Deep-State Reinvigorates Its Trump Fighting Force, Prepares For 2024

Kevin Clinesmith — the former top FBI lawyer convicted in 2020 of falsifying a document that was used to secure a surveillance warrant against a former Trump campaign aide Carter Page — has not yet finished serving his probation sentence. But he has already had his “active member” status restored with the District of Columbia Bar Association.

In fact, Clinesmith wasn’t ever disbarred, as is customary for lawyers who are convicted of serious crimes and especially the ones that directly involve the administration of justice. Also, he was never penalized by the bar at all for failing to quickly submit his guilty plea to the court of review.

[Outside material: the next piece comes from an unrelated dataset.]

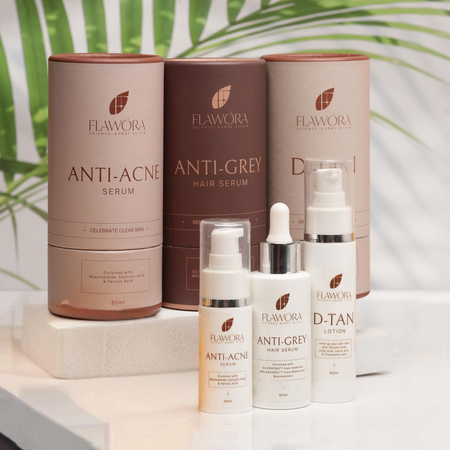 Flawora Anti-Grey Hair Serum, Anti Acne Serum and D-Tan Lotion Combo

RCI reported that the bar had restored Clinesmith without even checking if he had violated his terms of probation or fulfilled the other conditions of his plea agreement. He was spared jail time after his plea. Instead, he was ordered to complete 400 hours of community service and sentenced to 1 year of probation last year.

It also restored him without checking with the Inspection Division in the FBI, which was actively probing whether Clinesmith had been involved in any other warrant abuses.

Last Aug., Clinesmith admitted to purposefully changing a CIA email in 2017 that was used to get a FISA warrant against Carter Page, allowing federal authorities to spy on Page’s communications. It was one of the first criminal charges filed in John Durham’s probe into the intelligence-gathering activities and origins of the Trump-Russia investigation.

Clinesmith, a registered Dem and outspoken critic of former Pres. Trump, just so happened to get lenient treatment from the bar’s Board, which is conveniently made up of three Dem members, all of whom are party donors.

Moreover, the bar “didn’t even start disciplinary proceedings with Clinesmith until Feb. 2021, five months after he had pleaded guilty and just four days after the news outlet first reported he hadn’t been disciplined,” RCI noted.

“Normally the bar instantly suspends the license of any members who have plead guilty to a felony. But in Kevin Clinesmith’s case, it put off suspending him for months and only acted after RCI revealed the break he had received,” RCI added.

The bar’s handling of this matter demonstrated obvious “leniency and irregularity,” the outlet stated. That leniency certainly raises some concerns that Clinesmith received favorable treatment because of his political beliefs.